La fantasia, tuttavia, sono certo che raggiungeva vette sublimi.

Seguiva il pranzo, cui partecipavano soltanto dei parenti stretti.

La serata, generalmente, terminava con danze dell’epoca: mazurke, valzer, tanghi… al suono di vecchi grammofoni o musica prodotta da giovani che suonavano il mandolino, la chitarra, il clarino… .

Poiché tali danze esigono per una riuscita perfetta, un certo avvinghiamento, e, per costume questo non era consentito, ci si accontentava della stretta di mano e della semplice e discosta vicinanza dei due corpi.

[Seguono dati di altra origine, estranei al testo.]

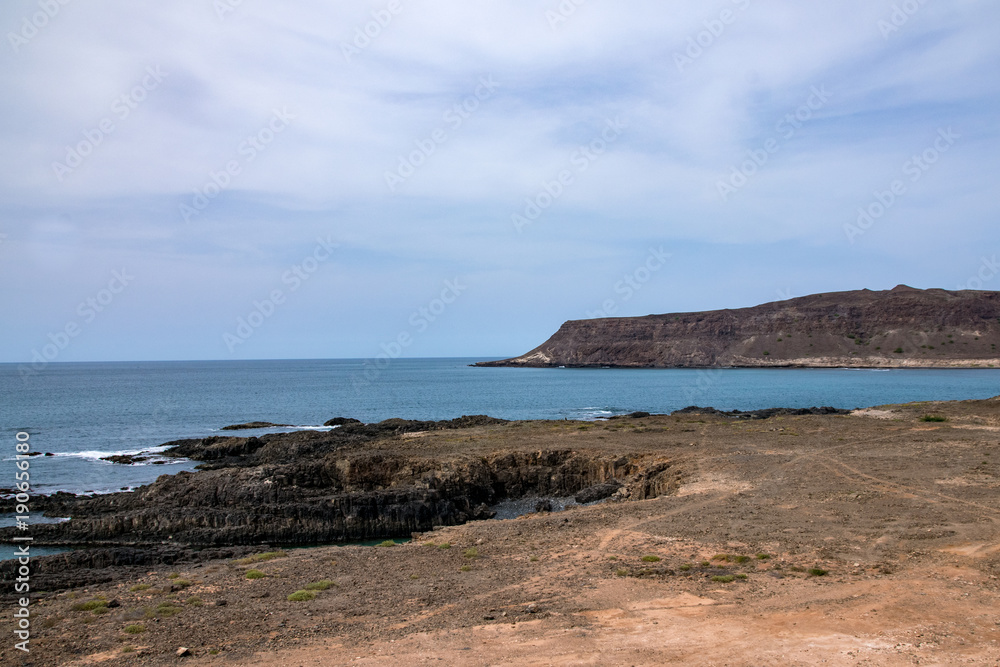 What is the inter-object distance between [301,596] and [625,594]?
6849mm

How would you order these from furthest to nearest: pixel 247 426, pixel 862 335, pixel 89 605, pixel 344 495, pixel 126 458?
1. pixel 862 335
2. pixel 247 426
3. pixel 126 458
4. pixel 344 495
5. pixel 89 605

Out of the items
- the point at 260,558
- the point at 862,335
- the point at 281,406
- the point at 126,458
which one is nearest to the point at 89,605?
the point at 260,558

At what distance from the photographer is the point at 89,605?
43.4 ft

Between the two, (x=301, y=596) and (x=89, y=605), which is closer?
(x=89, y=605)

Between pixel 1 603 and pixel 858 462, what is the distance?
1170 inches

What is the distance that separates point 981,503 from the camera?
19.8 m

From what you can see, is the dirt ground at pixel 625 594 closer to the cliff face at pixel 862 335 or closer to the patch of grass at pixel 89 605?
the patch of grass at pixel 89 605

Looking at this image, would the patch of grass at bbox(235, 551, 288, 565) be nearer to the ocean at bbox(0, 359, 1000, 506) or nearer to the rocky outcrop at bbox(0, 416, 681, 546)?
the rocky outcrop at bbox(0, 416, 681, 546)

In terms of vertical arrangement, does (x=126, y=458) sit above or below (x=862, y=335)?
below

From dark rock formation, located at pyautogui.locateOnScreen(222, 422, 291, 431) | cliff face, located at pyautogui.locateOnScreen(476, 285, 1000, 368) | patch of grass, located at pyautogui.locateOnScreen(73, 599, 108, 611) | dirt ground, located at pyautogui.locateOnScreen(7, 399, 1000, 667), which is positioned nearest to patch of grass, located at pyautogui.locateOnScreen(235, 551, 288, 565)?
dirt ground, located at pyautogui.locateOnScreen(7, 399, 1000, 667)

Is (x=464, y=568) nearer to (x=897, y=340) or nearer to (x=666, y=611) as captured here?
(x=666, y=611)

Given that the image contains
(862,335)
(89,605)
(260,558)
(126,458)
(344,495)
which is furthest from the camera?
(862,335)

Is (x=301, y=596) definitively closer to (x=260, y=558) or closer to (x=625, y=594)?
(x=260, y=558)

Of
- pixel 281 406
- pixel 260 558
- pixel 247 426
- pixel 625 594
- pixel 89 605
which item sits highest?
pixel 89 605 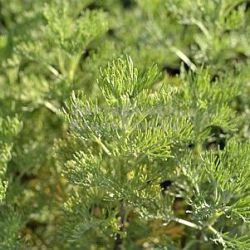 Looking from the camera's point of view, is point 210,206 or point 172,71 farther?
point 172,71

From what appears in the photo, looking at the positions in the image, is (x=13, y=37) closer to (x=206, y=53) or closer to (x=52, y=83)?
(x=52, y=83)

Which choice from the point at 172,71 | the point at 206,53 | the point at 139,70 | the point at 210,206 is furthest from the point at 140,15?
the point at 210,206

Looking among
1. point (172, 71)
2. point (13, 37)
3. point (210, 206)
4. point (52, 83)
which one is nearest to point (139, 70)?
point (210, 206)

foto tratta dal "Dizionario dialettale di Francavilla sul Sinni" di Luigi Viceconte.
foto tratta dal “Dizionario dialettale di Francavilla sul Sinni” di Luigi Viceconte.

Caratteristico era anche la celebrazione del matrimonio dei concittadini delle campagne o frazioni. Il corteo, in modo sparso, partiva dall’abitazione della sposa e procedeva per le strade mulattiere. I convitati, tutti in ghingheri, seguivano gli sposi, scortati da altri uomini che suonavano degli organetti, mentre altri attrezzati di fucili carichi, ed a scansione di tempo sparavano in aria per comunicare a tutti che era di passaggio una sposa o che questa si avvicinava alla Chiesa Parrocchiale.

L’”abbuffata” costituiva la fase eclatante.  Su quelle tavole apparecchiate abbondava il cibo fino allo spreco. Anche per questi sposi, la giornata terminava con danze in cui prevaleva la tarantella (tipo di danza in cui i corpi de partecipanti sono separati, ma si incontrano e si allontanano, seguendo delle linee irregolari e delle volute con le braccia, su di un ballatoio). Quella danza con quei particolari ritmi, lo schioccare delle dita e lo sbattere delle mani, esaltavano lo spirito animatore di tutti i convitati: la partecipazione anche corale di tutti, era componente di una più ampia espressione di avvenimento, in cui si fondono gli interessi individuali e quelli collettivi e che tendono alla realizzazione di una concretezza reale e vitale.